Monday, 21 October 2019

Book review: The Arsonist, Chloe Hooper (2018)

If you wanted to look at this work of creative nonfiction through a narrow lens you could say that it is about the Black Saturday fires of 2009 and the man who was accused of setting them. But given this is Chloe Hooper doing the work you will likely take a wider view and look at the story as an allegory.

The man at the centre of the drama, Brendan Sokaluk, turns out to be someone with particular problems and he is evidently intellectually challenged. But it is his tendency to indulge in irrational, unpredictable, and aggressive behaviour that make it easy to see Brendan as more than just a suspect arsonist. In my mind he was a stand-in for Everyman, the people we turn into when we think no-one else can see us, or when we don’t care what people think of us, or when we hide behind anonymity online.

And then there are the others in the small rural town, who aim their hatred at Brendan. The irrational is embodied in the people in the community Sokaluk lived in, the everyday Australians in this poor part of the country who helped to form the social fabric that provides a foundation upon which the rest of the narrative lies.

Hooper’s book offers Australians a challenge in the form of a question. If we have basic freedoms and human rights enshrined in law, law that applies to everyone equally, then why do we abuse that freedom by bullying people who are different and by committing crimes that can lead to suffering and, even, to death? Freedom is thus a double-edged sword and Hooper illustrates this conundrum in her masterful work.

In it you find tinder-dry bush in a summer that had followed a decade of low rainfall. This combination of factors made the eruption of the bushfire seem almost inevitable, especially given that some people are prone to set fires deliberately. Just as the likelihood of cataclysmic effects of climate change seem inevitable in the light of the political systems and the commercial imperatives that drive communities, made up of imperfect individuals who are competitive and who are motivated, by greed, to behave in the ways they do. The difference in the two cases being that our actions with regard to the environment and climate change were not deliberate but are and have been, instead, a by-product of our struggle to survive.

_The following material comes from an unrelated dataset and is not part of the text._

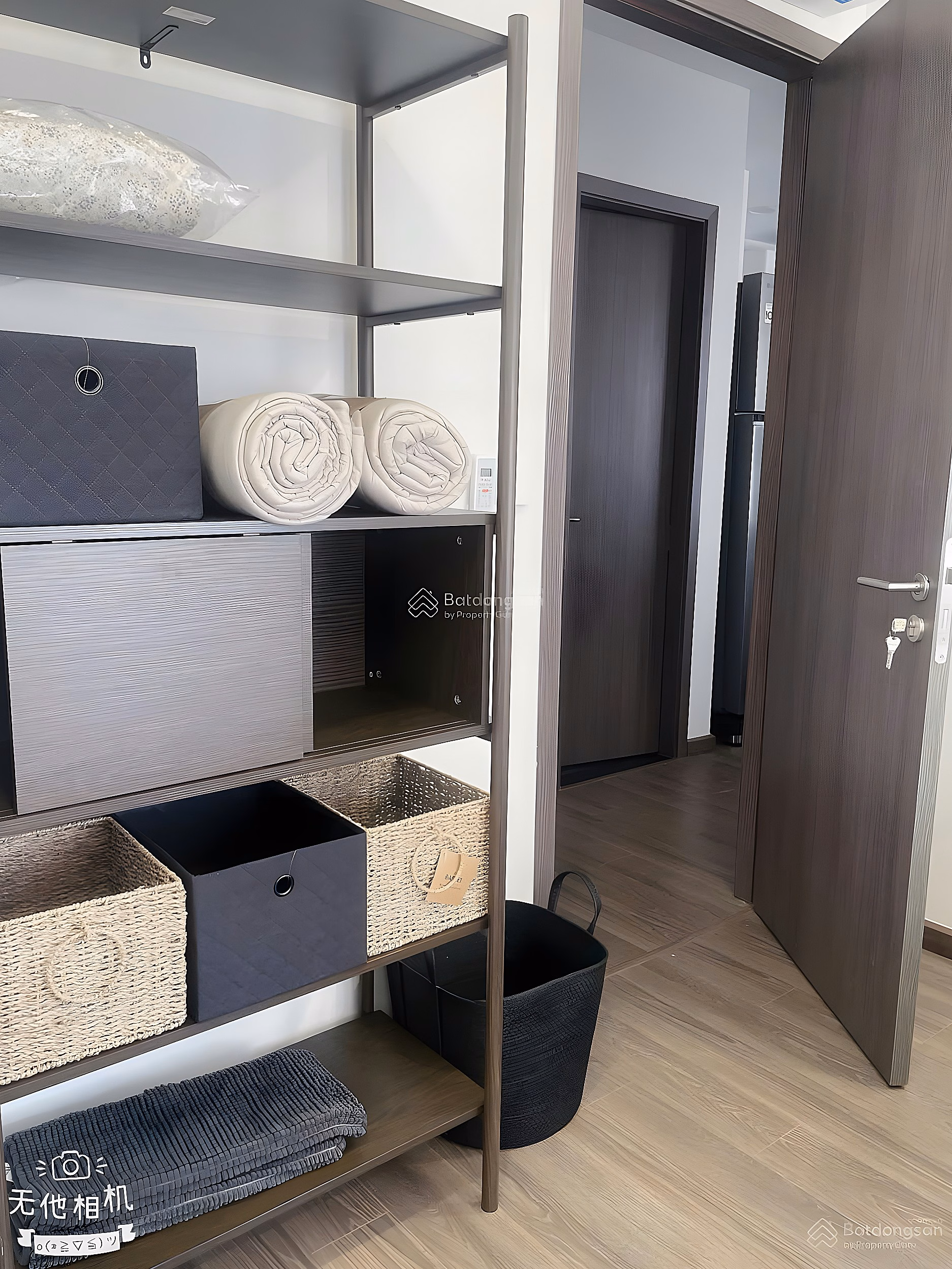 Quick rental 3-bedroom apartment on the middle floor, code W.04, fully furnished, beautiful furniture, just bring your suitcase to move in
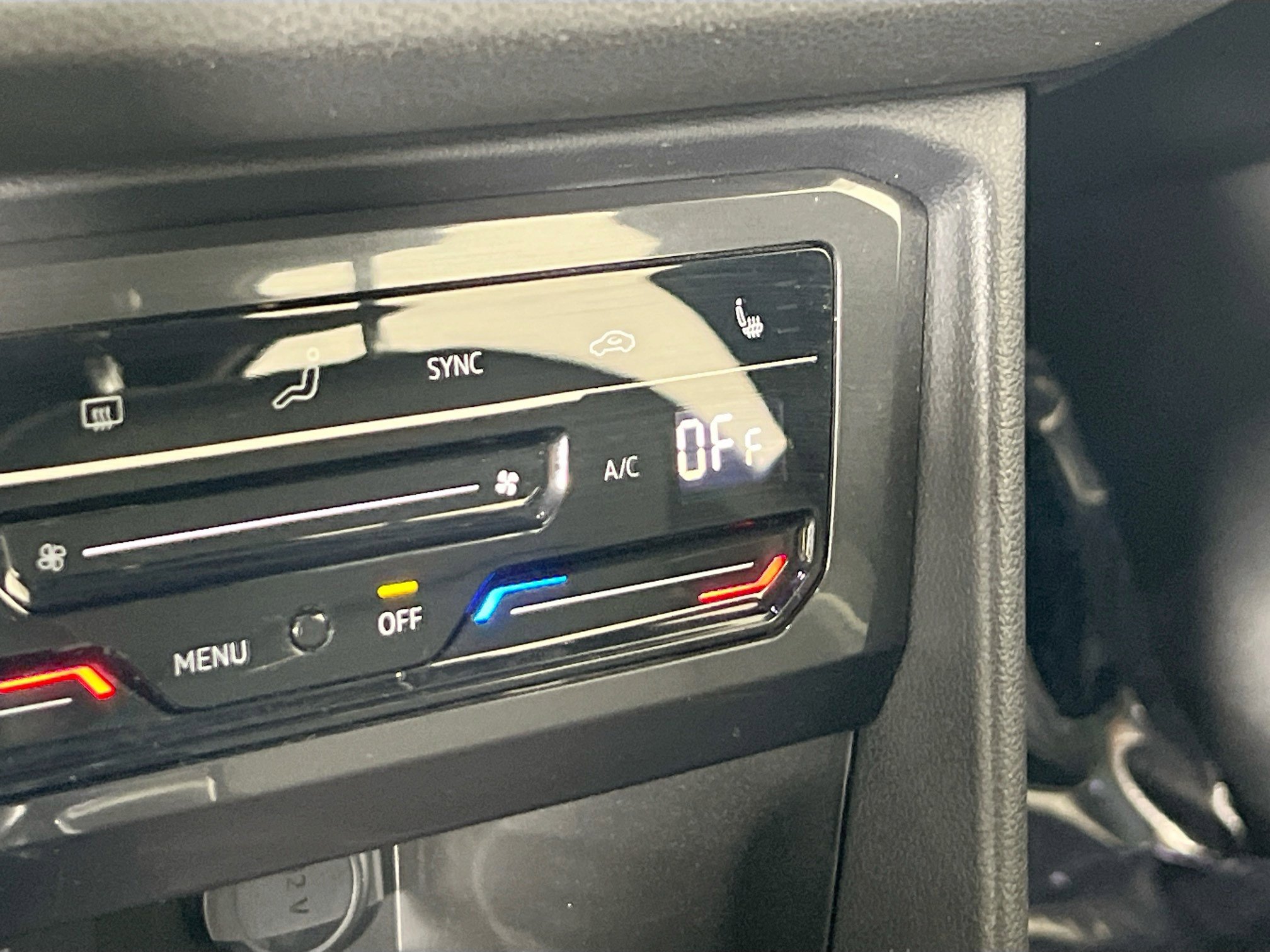 Used 2022 Volkswagen Tiguan SEL R-Line image 20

Hooper is prone to make you think, which is why I like her writing, especially her nonfiction, so much. This book took over a decade to write and if you know what is involved in making a finished product of this nature, you can only marvel at Hooper’s persistence and her drive to unearth the truth.

Whether she succeeded in achieving her ambition is something each reader will have to decide for him- or herself. It is something of a puzzle why this book has not been more talked-about in the public sphere, especially considering how it touches on the topical issue of anthropogenic climate change. ‘The Tall Man’, Hooper’s previous nonfiction work, was more prominent following its publication in 2008.

From my perspective, I felt that, in just over 250 pages of concise and well-edited prose, Hooper in ‘The Arsonist’ provides a striking type of portrait of the species. And it’s not flattering. Not in the least bit.